A frequent complaint about recent spoofs is that they reference films, TV and other bits of pop culture in a scattergun fashion, often not bothering to create new jokes as they do so; and while The Final Insult is more focused than the horrible Epic Movie, for example, its targets are not as consistently lampooned as in Airplane!, the film content to take random snatches from The Untouchables, The Shawshank Redemption and most barefacedly Thelma and Louise. More importantly, unlike its predecessors The Final Insult relies on these parodies to carry the film. If either of the first Naked Gun efforts had been played absolutely straight, they would have been pretty weak cop dramas but could just about have passed muster; take away the jokes from this film, however, and there is almost nothing left.
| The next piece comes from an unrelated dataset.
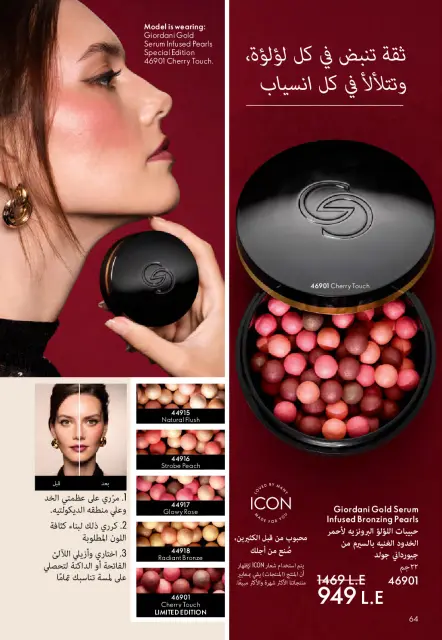 Oriflame Egypt Offers from 1 to 28 February 2026 February offers - Page 65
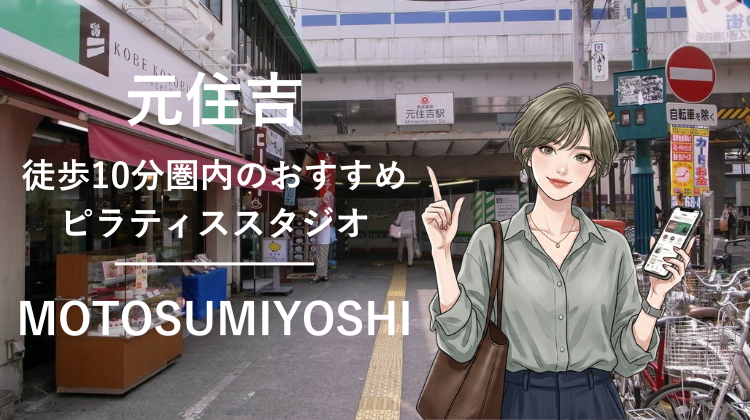 元住吉駅から徒歩10分圏内のおすすめピラティススタジオ｜料金・体験・特徴を解説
Which makes it all the more unfortunate that the jokes are also very thin, either relying on the ZAZ back catalogue (‘Cigarette?’ ‘Yes, I know’) or using the same gag – a character (usually, but not solely, Drebin) reacting to something whilst the scene carries on – so often that it loses any impact. There are still a number of jokes that raise a smile, but very few are as clever or cheeky of those found in The Naked Gun; additionally, and counter-intuitively, the writers seem to be catering for a less mature audience, finding plenty of time to snigger over the late Miss Smith’s bosoms and writing plenty of laboured slapstick into the Oscars sequence (the 66th Ceremony seemingly reserved for actors of the star quality of Mary Lou Retton and Raquel Welch). At least the acting is still game and Nielsen is spared the indignities that would befall him in the execrable Scary Movie 4, though future criminal O.J. Simpson and his partner George Kennedy are given very little to do, and forensic scientist Ted Olsen (Ed Williams) returns only to find himself completely redundant.
It’s unfortunate that The Final Insult sends the Naked Gun series out with both a bang and a whimper, since the first two films have both aged well and still surprise with new jokes on repeated viewings. The amount of fresh comedy served up in this film is not quite insulting, but is meagre rations for a generation brought up on an abundance of ZAZ silliness.